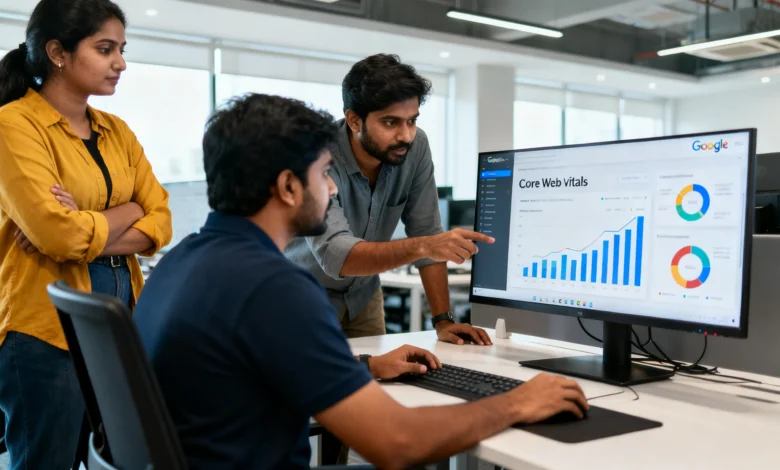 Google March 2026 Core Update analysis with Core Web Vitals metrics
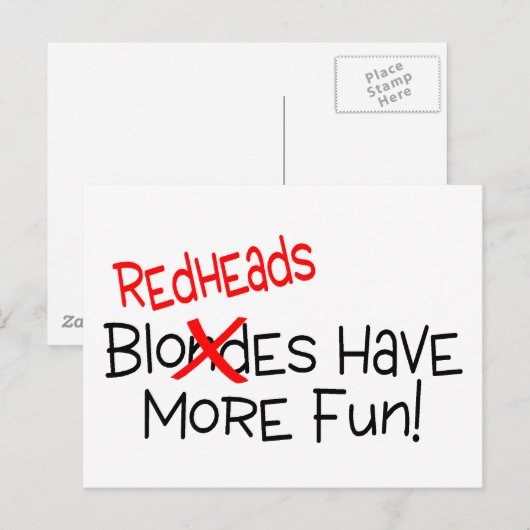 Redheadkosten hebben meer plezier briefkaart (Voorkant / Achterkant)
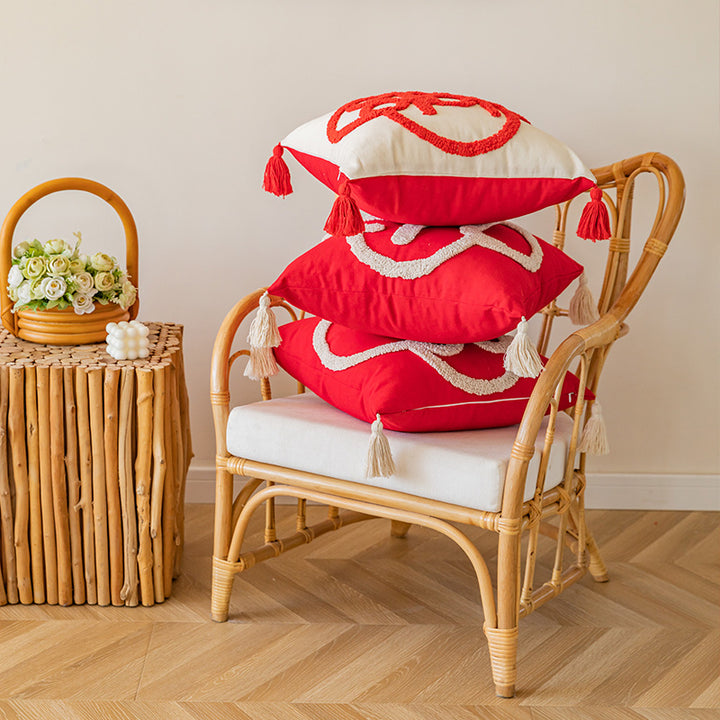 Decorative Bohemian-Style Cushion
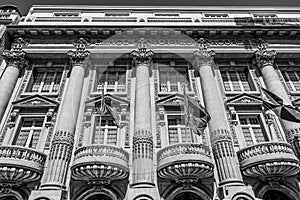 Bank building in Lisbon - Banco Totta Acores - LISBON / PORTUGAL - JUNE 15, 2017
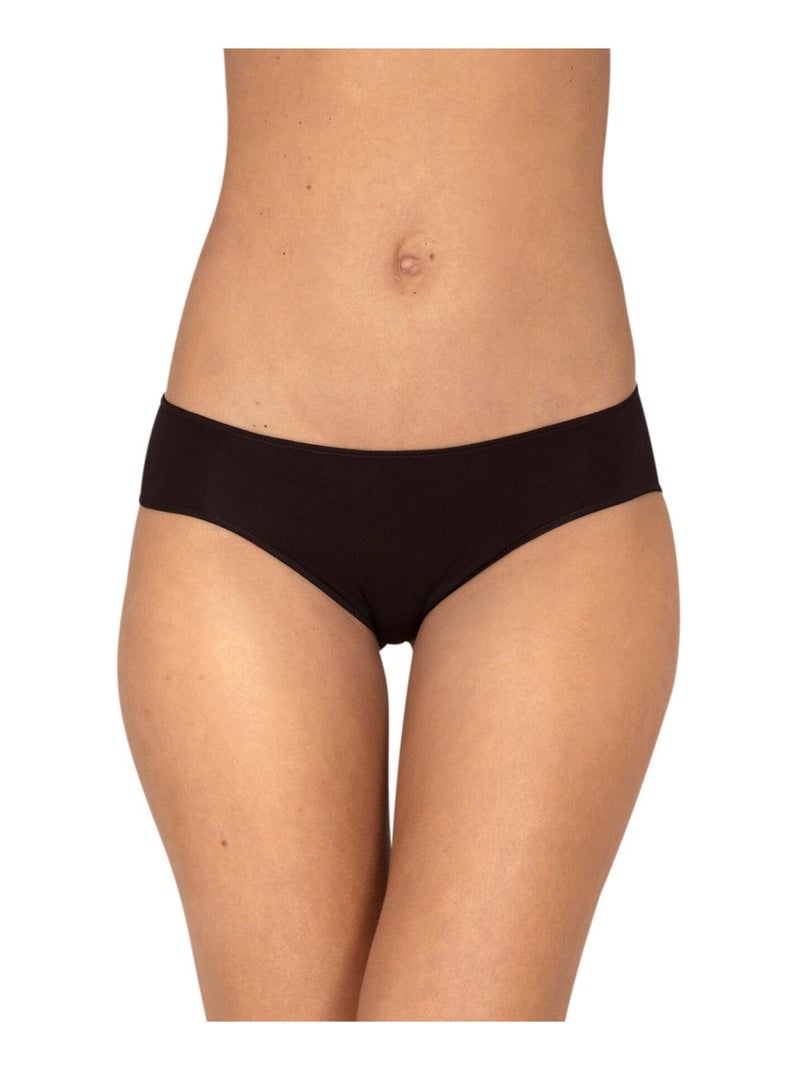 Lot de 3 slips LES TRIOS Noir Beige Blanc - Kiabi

____________________

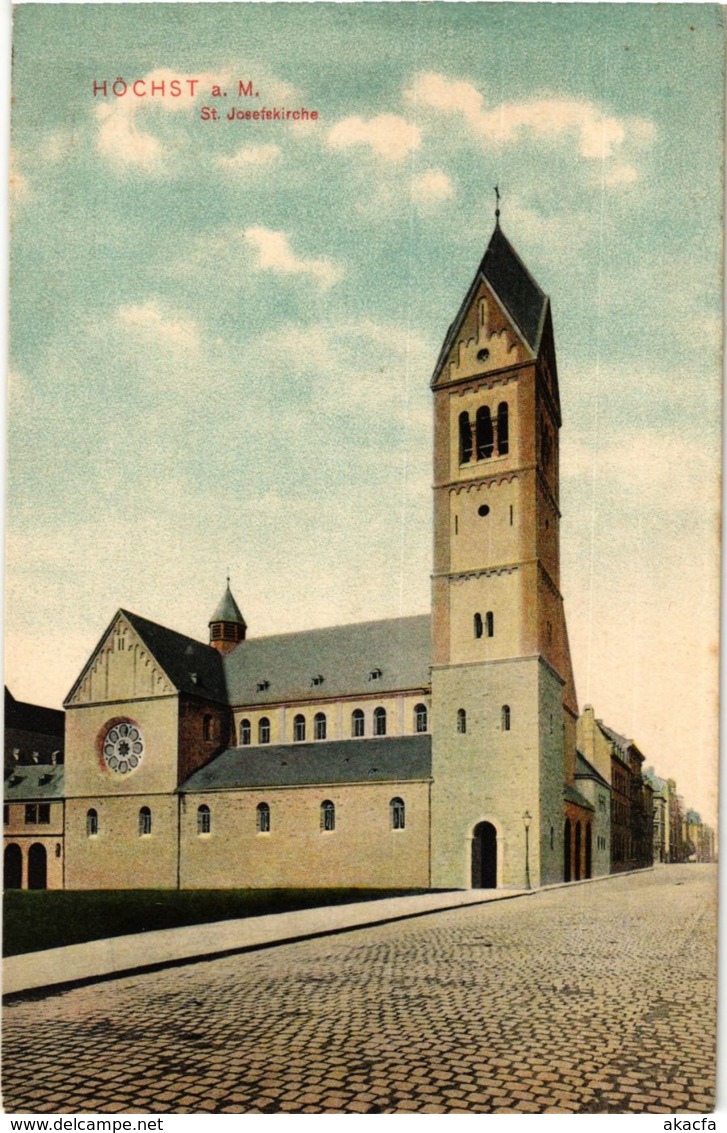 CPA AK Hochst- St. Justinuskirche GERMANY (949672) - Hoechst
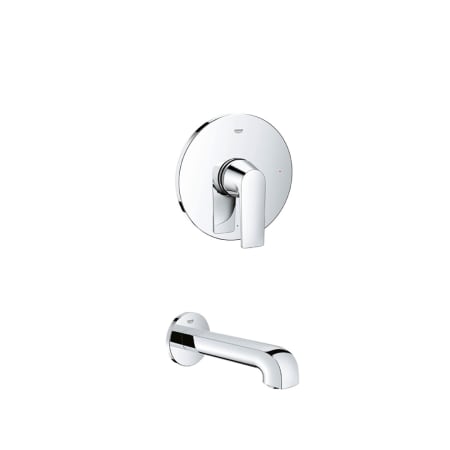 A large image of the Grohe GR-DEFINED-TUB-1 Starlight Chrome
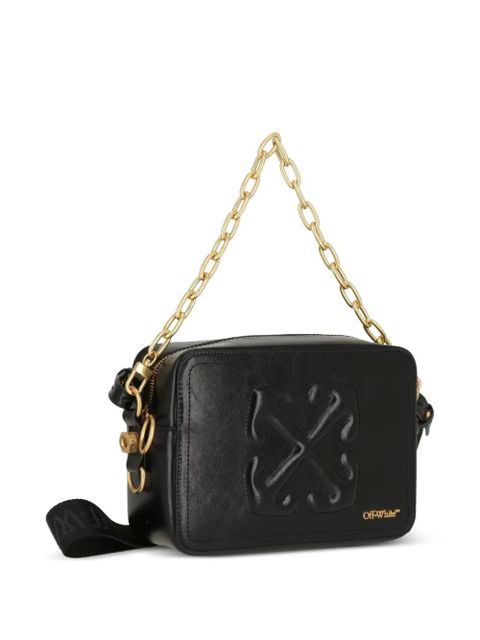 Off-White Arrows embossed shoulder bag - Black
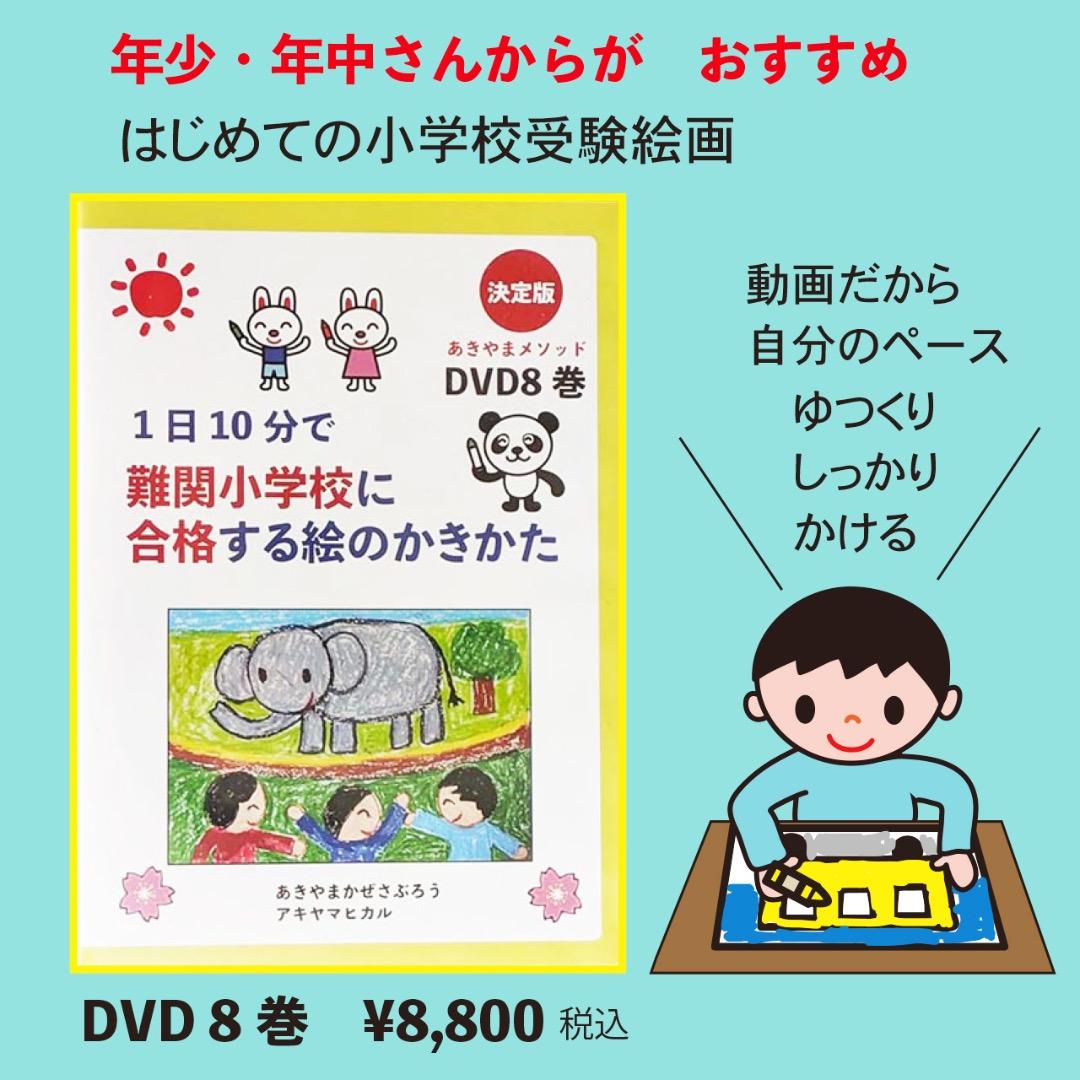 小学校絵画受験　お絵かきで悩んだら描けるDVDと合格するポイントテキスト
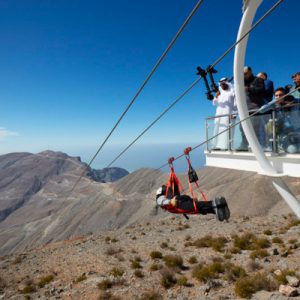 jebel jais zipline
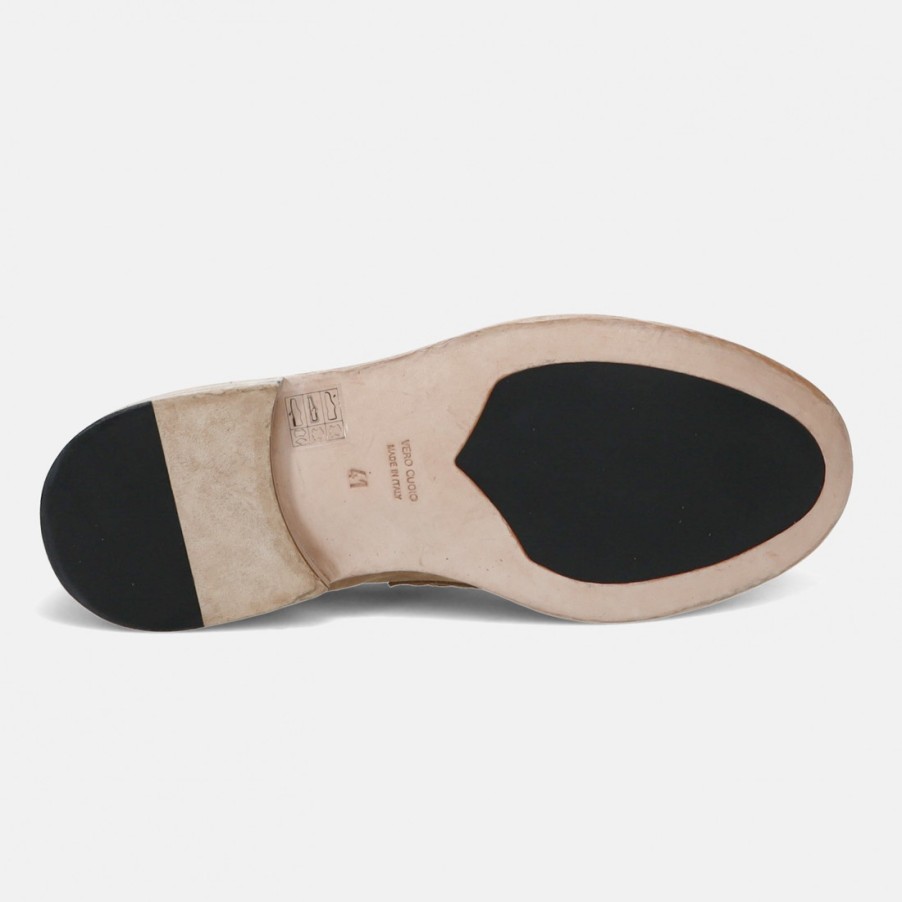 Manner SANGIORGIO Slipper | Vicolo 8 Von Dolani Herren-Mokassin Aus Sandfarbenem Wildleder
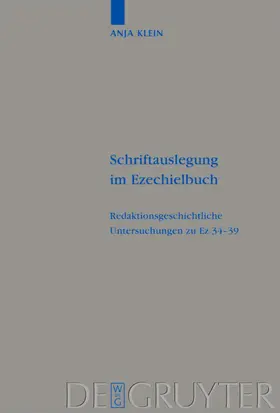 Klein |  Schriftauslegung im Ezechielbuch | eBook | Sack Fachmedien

____________________

» What the task requires
Your copy should hold the lines from the one with "小学校絵画受験　お絵かきで悩んだら描けるDVDと合格するポイントテキスト" up to and including the one with "eBook | Sack Fachmedien", exactly as in the data above, and no pictures.

» Response below
 小学校絵画受験　お絵かきで悩んだら描けるDVDと合格するポイントテキスト
 jebel jais zipline
 Manner SANGIORGIO Slipper | Vicolo 8 Von Dolani Herren-Mokassin Aus Sandfarbenem Wildleder
 Klein |  Schriftauslegung im Ezechielbuch | eBook | Sack Fachmedien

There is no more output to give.